If your array is very large the has_neighbor array might consume too much memory. In this case you could loop over sub-arrays of smaller size (trade-off between python loops and vectorization).
I have no experience with ndimage, so there may be a better solution built in somewhere.
The typical way of getting rid of isolated pixels in image processing is to do a morphological opening, for which you have a ready-made implementation in scipy.ndimage.morphology.binary_opening. This would affect the contours of your larger areas as well though.
As for a DIY solution, I would use a summed area table to count the number of items in every 3x3 subimage, subtract from that the value of the central pixel, then zero all center points where the result came out to zero.
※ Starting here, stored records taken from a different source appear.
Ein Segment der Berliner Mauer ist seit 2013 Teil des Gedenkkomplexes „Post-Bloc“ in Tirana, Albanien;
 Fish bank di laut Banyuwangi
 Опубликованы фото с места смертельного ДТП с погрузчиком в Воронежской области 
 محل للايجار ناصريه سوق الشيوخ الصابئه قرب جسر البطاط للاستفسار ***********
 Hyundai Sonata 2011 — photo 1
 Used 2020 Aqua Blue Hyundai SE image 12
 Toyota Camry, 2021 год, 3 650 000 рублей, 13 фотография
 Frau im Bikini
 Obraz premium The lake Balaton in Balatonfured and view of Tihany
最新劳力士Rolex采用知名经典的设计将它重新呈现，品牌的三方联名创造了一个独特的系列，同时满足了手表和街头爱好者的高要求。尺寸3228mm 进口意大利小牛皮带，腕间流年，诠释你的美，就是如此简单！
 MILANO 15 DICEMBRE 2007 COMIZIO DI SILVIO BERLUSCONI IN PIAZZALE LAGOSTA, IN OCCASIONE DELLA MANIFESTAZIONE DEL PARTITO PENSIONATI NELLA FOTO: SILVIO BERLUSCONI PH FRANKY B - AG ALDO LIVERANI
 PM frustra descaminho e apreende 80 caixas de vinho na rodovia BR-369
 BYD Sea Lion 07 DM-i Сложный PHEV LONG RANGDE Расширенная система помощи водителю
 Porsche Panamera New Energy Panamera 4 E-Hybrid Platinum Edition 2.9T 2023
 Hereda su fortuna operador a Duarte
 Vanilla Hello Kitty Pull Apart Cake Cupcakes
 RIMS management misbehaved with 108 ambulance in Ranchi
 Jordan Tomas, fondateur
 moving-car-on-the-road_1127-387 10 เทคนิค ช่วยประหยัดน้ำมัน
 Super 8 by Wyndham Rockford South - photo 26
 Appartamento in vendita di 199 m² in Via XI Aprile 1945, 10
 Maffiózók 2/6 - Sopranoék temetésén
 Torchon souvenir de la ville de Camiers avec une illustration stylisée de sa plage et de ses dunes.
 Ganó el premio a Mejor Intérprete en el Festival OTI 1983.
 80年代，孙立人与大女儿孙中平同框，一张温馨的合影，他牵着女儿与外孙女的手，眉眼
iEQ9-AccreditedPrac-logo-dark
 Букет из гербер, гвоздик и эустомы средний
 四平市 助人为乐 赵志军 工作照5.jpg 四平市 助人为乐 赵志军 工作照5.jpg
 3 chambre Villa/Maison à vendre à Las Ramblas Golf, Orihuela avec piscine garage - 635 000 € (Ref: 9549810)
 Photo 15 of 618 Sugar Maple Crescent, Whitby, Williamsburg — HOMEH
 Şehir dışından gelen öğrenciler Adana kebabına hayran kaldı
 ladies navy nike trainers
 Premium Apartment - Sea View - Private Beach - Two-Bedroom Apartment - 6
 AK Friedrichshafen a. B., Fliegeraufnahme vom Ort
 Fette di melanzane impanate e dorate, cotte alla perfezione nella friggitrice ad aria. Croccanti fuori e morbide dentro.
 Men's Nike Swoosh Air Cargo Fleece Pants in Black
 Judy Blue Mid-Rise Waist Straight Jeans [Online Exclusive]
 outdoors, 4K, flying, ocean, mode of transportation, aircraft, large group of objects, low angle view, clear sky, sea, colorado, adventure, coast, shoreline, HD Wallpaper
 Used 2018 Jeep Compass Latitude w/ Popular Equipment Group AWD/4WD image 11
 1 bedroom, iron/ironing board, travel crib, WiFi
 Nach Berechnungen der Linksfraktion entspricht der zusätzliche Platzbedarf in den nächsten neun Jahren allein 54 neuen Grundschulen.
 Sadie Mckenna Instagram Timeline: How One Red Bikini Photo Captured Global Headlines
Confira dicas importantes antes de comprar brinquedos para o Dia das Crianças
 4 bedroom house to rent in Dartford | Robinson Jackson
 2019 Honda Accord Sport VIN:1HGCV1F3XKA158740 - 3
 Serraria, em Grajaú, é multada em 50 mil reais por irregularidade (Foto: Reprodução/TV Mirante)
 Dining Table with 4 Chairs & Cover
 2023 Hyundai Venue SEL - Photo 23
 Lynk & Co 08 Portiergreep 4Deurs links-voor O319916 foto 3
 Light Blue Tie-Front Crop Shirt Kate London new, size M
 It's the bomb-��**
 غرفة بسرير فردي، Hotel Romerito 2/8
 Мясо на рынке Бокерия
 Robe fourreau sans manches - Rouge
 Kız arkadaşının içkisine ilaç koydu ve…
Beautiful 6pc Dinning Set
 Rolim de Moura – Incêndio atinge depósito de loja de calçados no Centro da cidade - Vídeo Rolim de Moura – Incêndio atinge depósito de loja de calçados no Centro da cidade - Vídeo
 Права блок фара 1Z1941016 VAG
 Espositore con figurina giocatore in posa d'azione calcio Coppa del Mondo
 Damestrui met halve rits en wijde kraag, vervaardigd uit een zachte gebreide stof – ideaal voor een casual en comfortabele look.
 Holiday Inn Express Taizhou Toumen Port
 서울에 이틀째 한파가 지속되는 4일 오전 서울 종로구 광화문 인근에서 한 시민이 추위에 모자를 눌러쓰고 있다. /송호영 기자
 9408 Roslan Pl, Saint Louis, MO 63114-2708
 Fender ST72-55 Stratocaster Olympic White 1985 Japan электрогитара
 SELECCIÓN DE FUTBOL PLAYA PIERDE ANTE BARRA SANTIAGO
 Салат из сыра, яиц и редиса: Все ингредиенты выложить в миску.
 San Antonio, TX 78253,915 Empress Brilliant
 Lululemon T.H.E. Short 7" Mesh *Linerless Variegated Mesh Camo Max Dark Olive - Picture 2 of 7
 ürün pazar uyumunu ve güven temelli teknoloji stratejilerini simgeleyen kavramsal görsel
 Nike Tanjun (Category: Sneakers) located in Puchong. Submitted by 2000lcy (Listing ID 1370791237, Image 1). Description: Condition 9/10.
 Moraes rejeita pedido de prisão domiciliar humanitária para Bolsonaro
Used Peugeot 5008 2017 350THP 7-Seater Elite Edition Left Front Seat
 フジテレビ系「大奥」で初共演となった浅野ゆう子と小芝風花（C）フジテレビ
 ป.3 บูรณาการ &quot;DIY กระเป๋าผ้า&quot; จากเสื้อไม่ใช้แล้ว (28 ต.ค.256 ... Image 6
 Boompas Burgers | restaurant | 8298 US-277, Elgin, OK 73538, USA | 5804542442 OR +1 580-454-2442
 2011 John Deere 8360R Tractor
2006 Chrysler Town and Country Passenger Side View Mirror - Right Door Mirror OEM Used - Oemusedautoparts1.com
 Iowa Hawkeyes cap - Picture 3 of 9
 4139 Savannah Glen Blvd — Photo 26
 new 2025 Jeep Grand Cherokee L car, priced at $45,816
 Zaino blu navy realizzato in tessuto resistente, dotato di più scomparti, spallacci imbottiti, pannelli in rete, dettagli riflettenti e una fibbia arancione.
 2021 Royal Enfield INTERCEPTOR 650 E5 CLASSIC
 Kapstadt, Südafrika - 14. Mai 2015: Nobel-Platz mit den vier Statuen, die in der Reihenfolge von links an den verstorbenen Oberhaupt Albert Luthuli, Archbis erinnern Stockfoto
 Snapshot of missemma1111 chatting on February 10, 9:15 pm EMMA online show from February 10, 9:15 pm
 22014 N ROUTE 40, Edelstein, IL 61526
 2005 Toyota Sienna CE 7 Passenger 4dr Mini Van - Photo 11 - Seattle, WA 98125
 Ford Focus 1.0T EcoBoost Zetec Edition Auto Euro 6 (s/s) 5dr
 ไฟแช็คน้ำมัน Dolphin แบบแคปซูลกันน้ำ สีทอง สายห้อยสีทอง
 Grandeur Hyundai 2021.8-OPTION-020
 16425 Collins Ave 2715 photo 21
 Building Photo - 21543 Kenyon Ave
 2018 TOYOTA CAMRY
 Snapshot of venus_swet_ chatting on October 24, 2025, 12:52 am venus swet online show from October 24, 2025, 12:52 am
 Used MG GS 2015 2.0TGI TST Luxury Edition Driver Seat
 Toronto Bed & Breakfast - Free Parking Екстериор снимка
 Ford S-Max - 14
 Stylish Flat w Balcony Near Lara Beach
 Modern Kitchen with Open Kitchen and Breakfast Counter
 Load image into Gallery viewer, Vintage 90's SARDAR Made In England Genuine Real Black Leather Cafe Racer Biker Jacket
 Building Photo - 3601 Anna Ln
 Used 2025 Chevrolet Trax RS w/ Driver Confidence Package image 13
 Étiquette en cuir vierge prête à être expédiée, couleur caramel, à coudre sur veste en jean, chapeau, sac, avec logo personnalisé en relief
To properly handle the borders, first pad the array with zeros:
sat = np.pad(square, pad_width=1, mode='constant', constant_values=0)
sat = np.cumsum(np.cumsum(sat, axis=0), axis=1)
sat = np.pad(sat, ((1, 0), (1, 0)), mode='constant', constant_values=0)
# These are all the possible overlapping 3x3 windows sums
sum3x3 = sat[3:, 3:] + sat[:-3, :-3] - sat[3:, :-3] - sat[:-3, 3:]
# This takes away the central pixel value
sum3x3 -= square
# This zeros all the isolated pixels
square[sum3x3 == 0] = 0
The implementation above works, but is not especially careful about not creating intermediate arrays, so you can probably shave off some execution time by refactoring adequately.